O SR. JOSÉ DE LIMA RAMOS PEREIRA - Obrigado.
O Dr. Italvar Medina é nosso Coordenador da Coordenadoria Nacional de Erradicação do Trabalho Escravo e Enfrentamento ao Tráfico de Pessoas — CONAETE. É uma expressão sempre muito forte, mas é necessário usá-la. Existe, sim, o trabalho escravo.
Em um mapa construído pela CONAETE — ainda falta completá-lo —, temos casos nos Estados do Acre; Amazonas; Rondônia; Roraima; Pará, de gado bovino; Mato Grosso; Amapá, de pesca; Maranhão, de gado; Tocantins; Distrito Federal, de comércio; Mato Grosso do Sul, de cana-de-açúcar; São Paulo, no setor têxtil; Paraná, produção florestal; Rio Grande do Sul, cultivo de frutas; Rio de Janeiro, cana-de-açúcar e fumo; Pelotas, fumo; Minas Gerais, café; Bahia, café; Espírito Santo; Piauí, produção florestal; Ceará, produção florestal; Rio Grande do Norte, produção florestal; Paraíba, extração de caulim; Pernambuco, cana-de-açúcar; Alagoas; Sergipe; Bahia; Espírito Santo, café. Todas as regiões e todos os Estados têm uma atividade em que foi encontrado trabalho escravo.
Então, realmente há necessidade de uma legislação mais rigorosa. Até agora, a que existe não faz tanto efeito. Há essa necessidade, sim. E o principal é gerar uma cultura da educação.
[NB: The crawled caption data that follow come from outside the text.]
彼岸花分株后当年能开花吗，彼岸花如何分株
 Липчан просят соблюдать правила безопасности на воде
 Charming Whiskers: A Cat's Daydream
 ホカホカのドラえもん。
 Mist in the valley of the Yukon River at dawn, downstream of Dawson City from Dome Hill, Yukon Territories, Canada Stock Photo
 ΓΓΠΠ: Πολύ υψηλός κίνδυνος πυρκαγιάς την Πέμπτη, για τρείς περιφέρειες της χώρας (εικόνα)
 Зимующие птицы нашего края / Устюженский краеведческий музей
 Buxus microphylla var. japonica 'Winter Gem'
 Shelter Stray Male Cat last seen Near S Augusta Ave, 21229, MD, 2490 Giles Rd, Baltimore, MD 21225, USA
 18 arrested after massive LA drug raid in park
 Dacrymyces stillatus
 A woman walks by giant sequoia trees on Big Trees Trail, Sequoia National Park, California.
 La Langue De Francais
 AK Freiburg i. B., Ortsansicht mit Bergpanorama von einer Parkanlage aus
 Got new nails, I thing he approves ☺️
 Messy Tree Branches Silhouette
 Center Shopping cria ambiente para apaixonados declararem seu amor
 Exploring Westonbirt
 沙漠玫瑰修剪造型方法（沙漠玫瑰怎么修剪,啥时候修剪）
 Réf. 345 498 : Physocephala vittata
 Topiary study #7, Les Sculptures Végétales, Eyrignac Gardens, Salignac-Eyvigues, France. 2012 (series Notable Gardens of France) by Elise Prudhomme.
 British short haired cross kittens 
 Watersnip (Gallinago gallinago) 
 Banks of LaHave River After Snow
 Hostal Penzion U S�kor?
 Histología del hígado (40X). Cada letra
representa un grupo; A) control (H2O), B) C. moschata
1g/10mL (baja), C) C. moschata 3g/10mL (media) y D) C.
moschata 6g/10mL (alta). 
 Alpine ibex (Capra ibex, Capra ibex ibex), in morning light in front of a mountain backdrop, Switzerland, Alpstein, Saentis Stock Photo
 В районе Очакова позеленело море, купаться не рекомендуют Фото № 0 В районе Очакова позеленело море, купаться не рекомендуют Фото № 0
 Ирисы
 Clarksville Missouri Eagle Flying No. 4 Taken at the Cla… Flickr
Eu concordo com a Deputada. Tudo passa, sim, pela questão da própria discriminação e da estrutura brasileira montada nessas atividades de exploração.
Parabenizo o senhor, Deputado João. Quando recebi o convite, imediatamente me dispus a vir. Estou sempre à disposição. O Dr. Italvar vai continuar aqui, eu vou ter que ir ao Senado.
Eu lhe agradeço e o parabenizo por todos os debates que estão ocorrendo.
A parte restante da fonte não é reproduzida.